When I was a young boy, I even had a LIMA model of the Swiss TEE. But as is almost always the case, the tragedy of the human existence is that you are rarely aware of what you have until it is too late. I could kick myself for not having kept that model and for chucking it out when I was a teenager and thought I was way too cool and mature for toys.

Fortunately, the Swiss Federal Railways have retained one of the original TEE trains and have had it beautifully restored to its original splendour by their historical maintenance division . To mark the 60th anniversary of the TEE this year, the Swiss Federal Railways have laid on a Festzug. The TEE will start its journey in Olten, then travels to Berne and Lucerne. And then from there to Zürich, then Basel and eventually back to Olten. I will be joining the journey from Olten to Lucerne.

Getting to Olten

Olten is kilometre 0 of the national network of the Swiss Federal Railways. Olten is normally thirty minutes away from Basel by train. Currently, the journey is taking a bit longer to complete because they’re building on the line at the weekends. I catch the 08h31 train, which gets me into Olten at 09h10 with enough time to take some photos of the exterior of the TEE as it pulls into the station.

When I arrive in Olten the mist is just starting to lift. So I’m hoping we’ll have good weather for this trip today. The departure platform is not displayed yet, but if the many train spotters with their huge lenses are anything to go by, I think I can make a pretty good guess where the train will be arriving.


On the platform there are are plenty of staff of the SBB checking passengers’ Covid certificates. Which is good, because it means we’ll be able to keep our masks off on the train. It looks like it’s going to be a busy ride today, and there are many people milling about and taking pictures of our TEE once it pulls in.

What always drew me to the Swiss TEE, was its elegant design and the sleek lines of its nose section. That and the fact that the train can speed up to 160km/h, which was quite a lot back in its day and is still not too shabby for an old lady of 60 years.

The atmosphere on the train is nice. There’s a sense of excitement. All the passengers seem to be in a good mood, and most of them are commenting on what a classic the TEE is.

The cabin

The restoration of the train has turned out nicely, and I think the SBB did a good job in maintaining the original vibe of the cabin, while at the same time modernising it where necessary to meet today’s standards of comfort. On one side of the train are single seats that are arranged in pairs facing each other. On the other side, there are four seats in the same layout. Every seat has a foldaway table.

There is a proper dining car serving hot and cold meals and snacks. There’s also a bar for you to enjoy an aperitif or even just an espresso after the meal. The dining car and the bar are the most retro parts of the train and they’re just so cool, because you can just imagine what it must have been like to travel on one of these trains between Amsterdam and Basel or Milan back in the 1970s.
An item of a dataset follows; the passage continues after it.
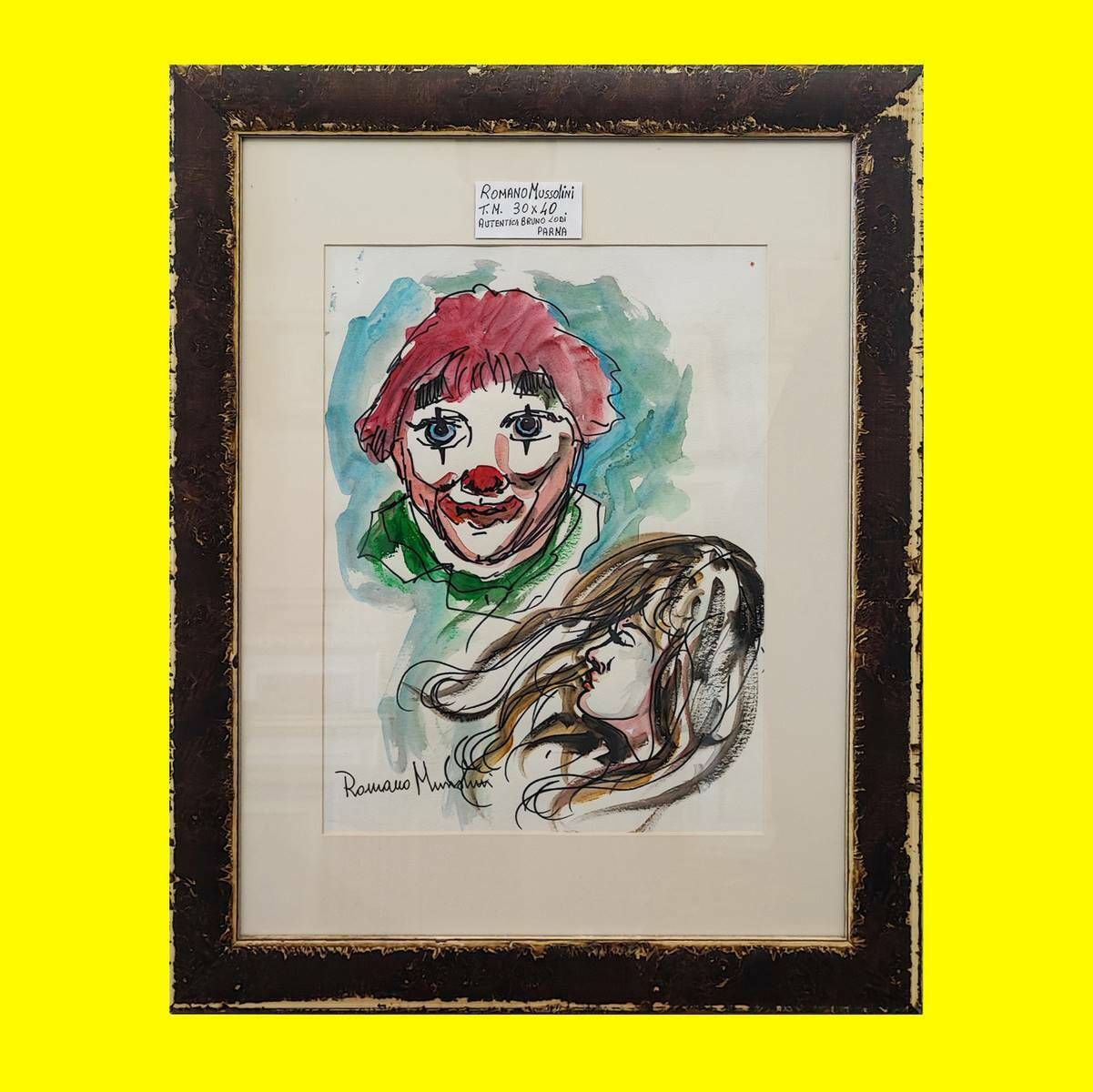 Work By Romano Mussolini Mixed Media, Clown And Girl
The seats are incredibly soft and very comfortable. To the point that once I settle in my seat, I find it difficult to stay awake while the train’s gentle movements lull me to sleep…

There is a welcome chocolate at every seat (common, this is Switzerland…) and a small brochure with information about the train and the TEE.

The journey

The journey takes us along the old route from Olten to Berne, the Swiss capital, in 45 minutes. This is honestly quite a bland route, and not just because the mist is still only beginning to dissipate. In Berne we have 15 minutes to step outside and stretch our legs.

From Berne, the train takes the old route through the Emmental (where the cheese is from) to Lucerne in just over two hours. By the time we leave Berne again, the weather has cleared up and it’s turned into a glorious day. The Emmental region is in the Voralpen, which means that you’re not surrounded by high mountains, towering above you on all sides. But the mountains are clearly visible in the distance. The landscape is dominated by softly rolling green hills with lush vegetation and so, so many happy looking cows grazing on them.

Other than that, the route is lined with train spotters, standing in fields or leaning precariously out of moving cars in an attempt to catch a glimpse of our train. Occasionally, we stop at a station to let another train pass. And wherever we stop, people are taking out their mobiles to take photos of the TEE!


Eventually, we arrive in Lucerne on time at 13h23. And here too, there are spotters lining the far end of the platform, taking pictures of the TEE as she gracefully pulls into the station.


I suppose with this trip report my street cred as an avgeek will take a serious beating. But that can’t be helped. For me, this trip on the TEE has been a dream come true. As a kid, playing with that model I had, I always used to wonder what it must have been like travelling on such an elegant train back in the day. And thanks to the excellent work done by the team of the SBB historic division, at least I now have a bit of an idea. I sincerely hope that the TEE will be around for many more generations to enjoy. I certainly did!


Eating Linzer Torte in Linz

On the bucket list of things I planned to do this year while the droves of overseas tourists are still absent from Europe, was a visit to Linz. In the interest of full disclosure and investigative blogging, I will freely admit that I don’t think I could really say all that much about the city, even now that I’ve been. From what little I saw, it has a nice open feel to it and the centre of the old town is easily accessible and pleasant for pedestrians. But that’s just about it. I really only went along for the food…!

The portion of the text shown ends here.